Sunday 31 July 2016

[wanabidii] EDUCATION FIASCO IN KENYA & FRED MATIANG’I: THE PRESIDENT SHOULD HIT THE RESET BUTTON TO RESTORE SANITY

Folks,

I know I am not hallucinating about this because the evidence is on my side and it speaks for itself but if I am, please forgive me. I have been severely lampooned in the last week for stating the obvious, that Education Cabinet Secretary Fred Matiang'i is responsible, albeit partially, for the school indiscipline and arsons that are sweeping the country and I will explain why but in the meantime, my question is really simple, isn't it time that President Kenyatta himself took action?


President Kenyatta & Education CS Matiang'i.jpg

Just how many schools to arson before the president acts?
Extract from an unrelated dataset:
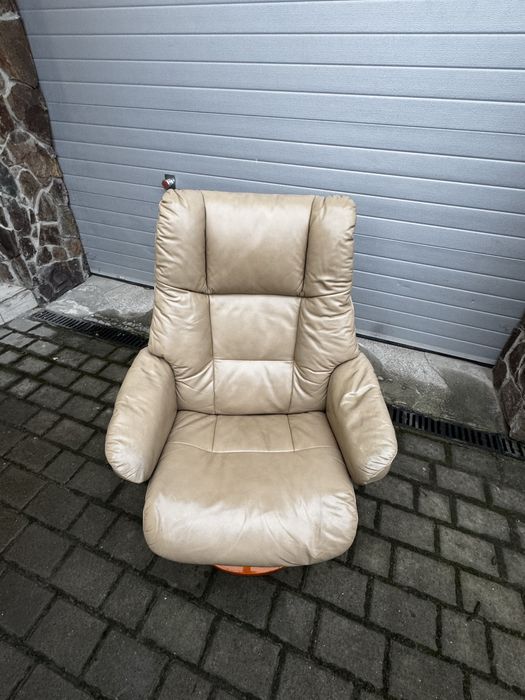 Шкіряне компютерне крішло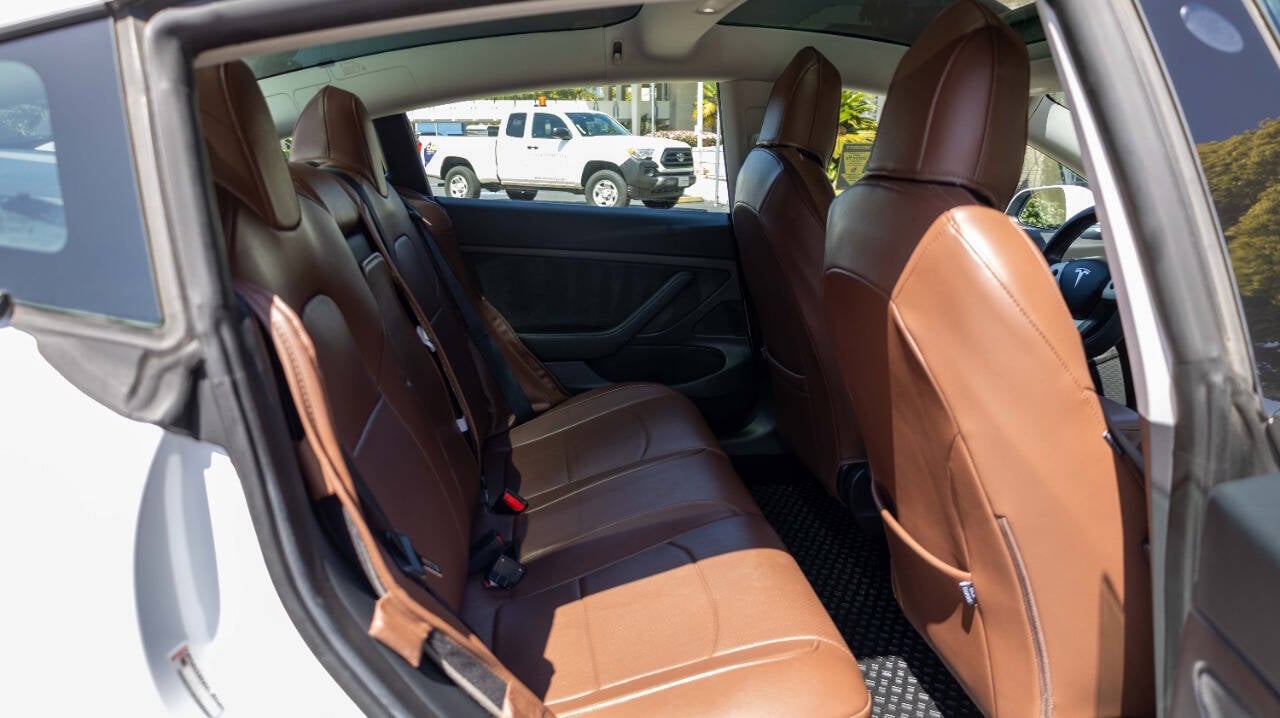 Vehicle image 13 of 24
In my view, we have reached the tipping point and as we head to the next general elections, President Uhuru Kenyatta has his work cut out for him- he needs to step it up and reboot to stop the bleeding and reverse Matiang'i's rules albeit temporarily, his leadership is urgently needed to mitigate the damages wrought by some of his closest lieutenants beginning with his Deputy William Ruto and now Education Secretary Fred Matiang'i. 
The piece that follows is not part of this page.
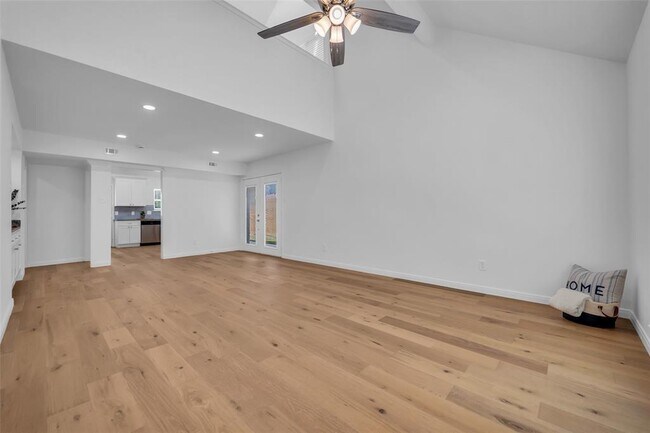 Building Photo - 23922 Creek Ridge Dr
First, let me clear, President Uhuru Kenyatta is NOT the problem, the president is a good man and has a good heart but it is those around him that are a drag on Kenyatta. He may be hands off or delegates roles to people that he trusts but they let him down and us down, and yet the buck stops with the President, he must step up and crack the whip on rogue officers in his administration if there are going to be any meaningful changes, not just in education but in the entire government. That's the only way he can fix the problem and restore public confidence in government. I am limiting my scope here to Matiang'i vis a vis education:

FRED MATIANG'I
Let me start by saying that I think Matiang'i means well, he didn't purposely set out to exacerbate existing problems much less anticipated this level of backlash but clearly he rubbed many folks the wrong way, particularly the young and impressionable students in the short time he has been the education secretary. I don't need to belabor the obvious. I believe he came in with a plan to clean house and restore order in a key sector of our society bedeviled by hopelessness and dysfunction in desperate need of reform and I truly believe he thought, perhaps still thinks, he is doing the right thing but let's also be brutally honest, it obviously has gone awry and we need to step back, reassess and redeploy. The president needs problem solvers not more headaches and by all objective measures Matiang'i's approach in tackling the issues in Education have added to the president's headaches, not lessened them.  The sector was on a downward spiral as it were under Jacob Kaimenyi and Matiang'i was supposed to fix it but he has aggravated the problem instead – this fiasco can be described as the quintessential "jumping from a frying pan right into the fire" and it is not rhetorical or hyperbole, this is real. The education sector is now the laughing stalk and is getting worse by the day.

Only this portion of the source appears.